## [Problem to solve]
First find the line with "Appartement 2 pièces 695 €" in the entries below, then set down exactly every line through the line with "Гель-лак PANDA 222, 7,5", that line included.

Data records
__________________________________________________
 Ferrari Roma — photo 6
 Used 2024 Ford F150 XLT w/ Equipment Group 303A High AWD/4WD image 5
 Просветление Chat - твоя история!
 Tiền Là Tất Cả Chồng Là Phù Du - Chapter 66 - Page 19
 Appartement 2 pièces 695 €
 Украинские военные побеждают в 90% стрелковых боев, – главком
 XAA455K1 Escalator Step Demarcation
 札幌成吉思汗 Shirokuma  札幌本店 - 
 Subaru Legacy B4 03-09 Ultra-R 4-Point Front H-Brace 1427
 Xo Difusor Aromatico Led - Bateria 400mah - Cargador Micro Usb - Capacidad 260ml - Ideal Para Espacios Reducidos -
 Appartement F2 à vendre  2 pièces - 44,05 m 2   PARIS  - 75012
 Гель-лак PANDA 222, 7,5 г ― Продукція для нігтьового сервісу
__________________________________________________
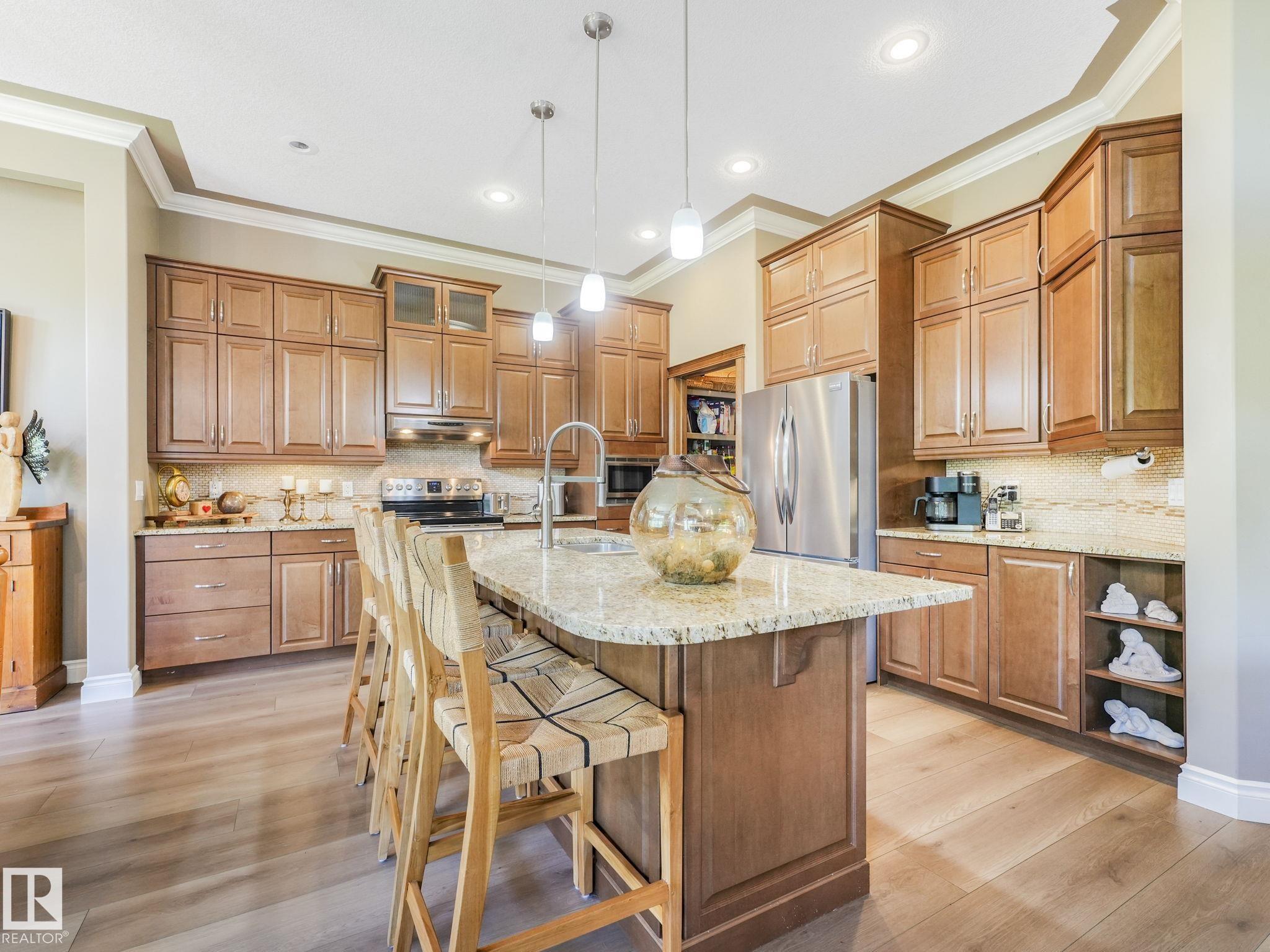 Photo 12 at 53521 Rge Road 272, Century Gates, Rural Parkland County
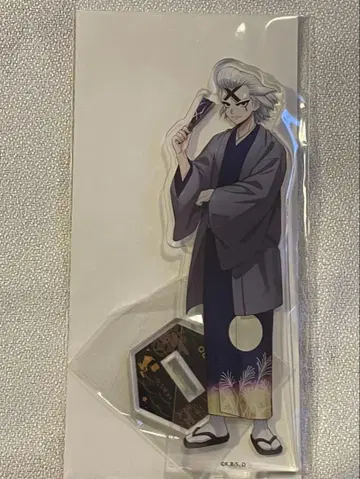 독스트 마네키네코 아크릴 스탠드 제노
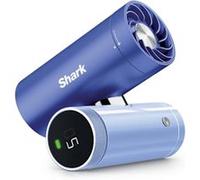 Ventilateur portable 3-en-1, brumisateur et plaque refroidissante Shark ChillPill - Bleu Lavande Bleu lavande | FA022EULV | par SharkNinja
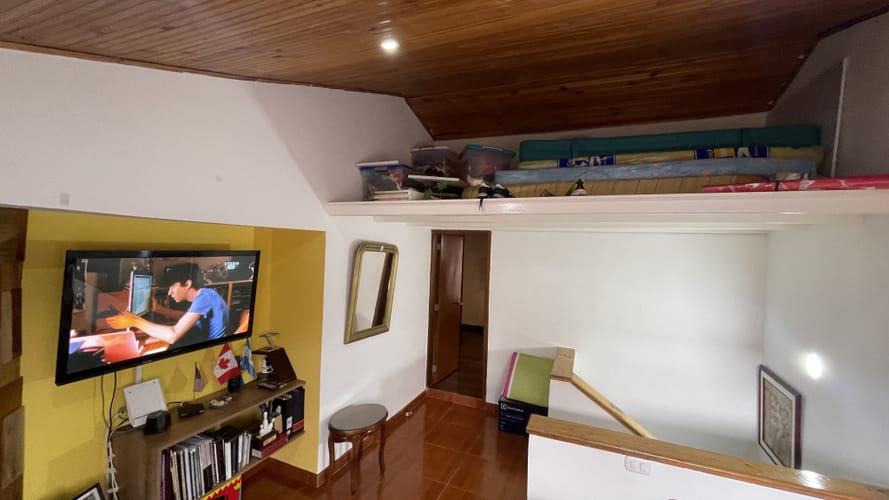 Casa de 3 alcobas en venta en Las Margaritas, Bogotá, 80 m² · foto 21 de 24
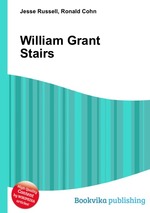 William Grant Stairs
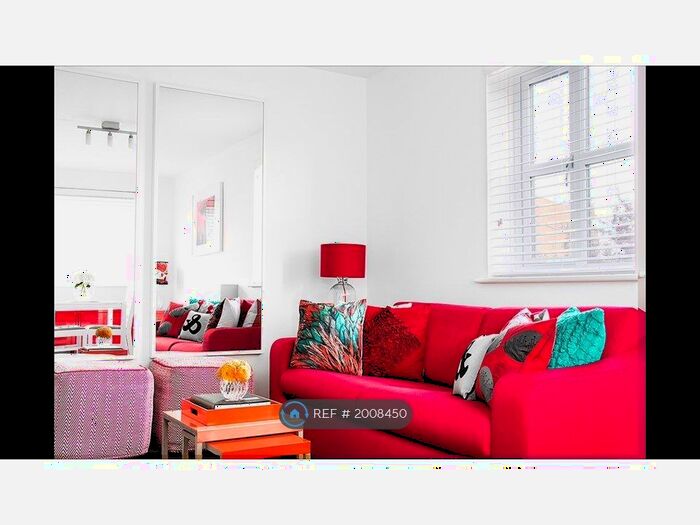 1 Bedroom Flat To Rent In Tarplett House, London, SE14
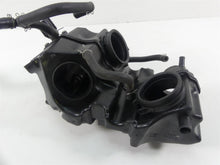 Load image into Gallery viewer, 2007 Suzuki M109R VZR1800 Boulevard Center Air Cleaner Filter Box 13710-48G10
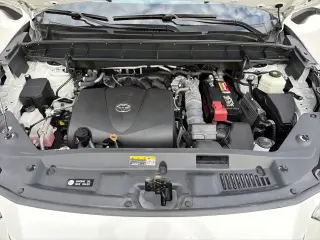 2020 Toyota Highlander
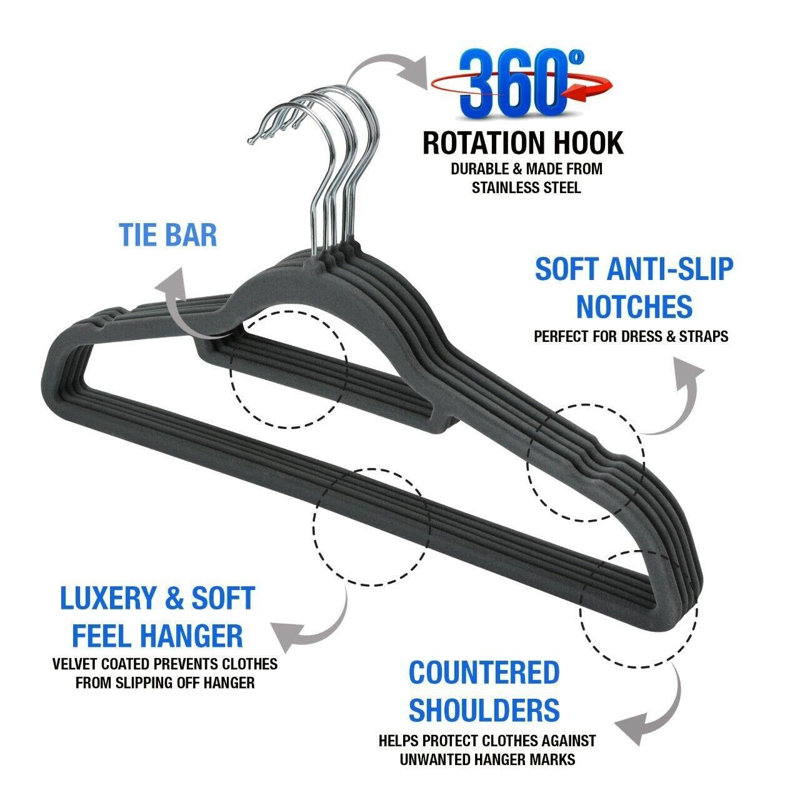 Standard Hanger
__________________________________________________
## [Output]
 Appartement 2 pièces 695 €
 Украинские военные побеждают в 90% стрелковых боев, – главком
 XAA455K1 Escalator Step Demarcation
 札幌成吉思汗 Shirokuma  札幌本店 - 
 Subaru Legacy B4 03-09 Ultra-R 4-Point Front H-Brace 1427
 Xo Difusor Aromatico Led - Bateria 400mah - Cargador Micro Usb - Capacidad 260ml - Ideal Para Espacios Reducidos -
 Appartement F2 à vendre  2 pièces - 44,05 m 2   PARIS  - 75012
 Гель-лак PANDA 222, 7,5 г ― Продукція для нігтьового сервісу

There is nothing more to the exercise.